All sonnets except one are in the 1624 Opitz in the "Book of the German Poeterey" recommended for sonnets meter of Alexandrian written with the recommended also by Opitz rhyme scheme "ABBA ABBA" for the quartets and "CCD EED" for the trios . The verses with the “A” and “D” rhymes are thirteen syllable, the rhymes are feminine , the verses with the “B”, “C” and “E” rhymes are twelve syllable, the rhymes are masculine . Only the sonnet [II.] "Vber des LORD JESUS ​​Gefännüß." Differs slightly in that the first two verses of the second trio take up the "B" rhyme, the rhyme scheme is ABBA ABBA CCD BBD. The poems are not numbered in the original. The numbering in brackets follows Manheimer and Szyrocki. The division into groups follows Borgstedt and largely agrees with Manheimer.

Spiritual sonnets

“To GOD the Holy Spirit” in Lissa print

The sonnet with the slightly different rhyme scheme ABBA ABBA CCD BBD (see above).

The sonnet is the adaptation of a neo-Latin poem by the Polish Jesuit Maciej Sarbiewski .

  • [IV.] The corpse of the LORD JESUS ​​dead.

The sonnet is the adaptation of a neo-Latin poem by the German Jesuit Jakob Bidermann

  • [v.]. Remembrance of Loth's wife. Lucae 17th BC 32.

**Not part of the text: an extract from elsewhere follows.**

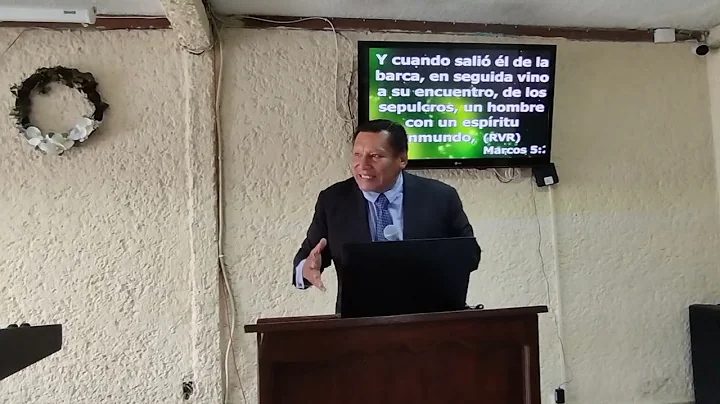 Ulises Ramirez Photo 30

The title is taken from the Gospel of Luke : “Think of Lot's wife!” ( Lk 17.32  EU ) The sonnet is the adaptation of a neo-Latin poem by the Dutch Jesuit Bernardus Bauhusius (1575–1619). Like Lot, man should follow the will of God; Lot's wife, who acted against God, became a pillar of salt: "She feels / that tears = saltz running out of your eyes / soon freezes in Saltz too / before she thinks right / So your folly will be atoned for with wise tautness."

Vanitas sonnets

According to the date of February 1636, research dates the disease to Gryphius' time in Danzig.

  • [VIII.] The world's lust is never without pain.
  • [IX.] Human misery .

Sonnets with an autobiographical reference

  • [X.]
The author was born on September 29th. of the CIↃ IↃ CXVI year.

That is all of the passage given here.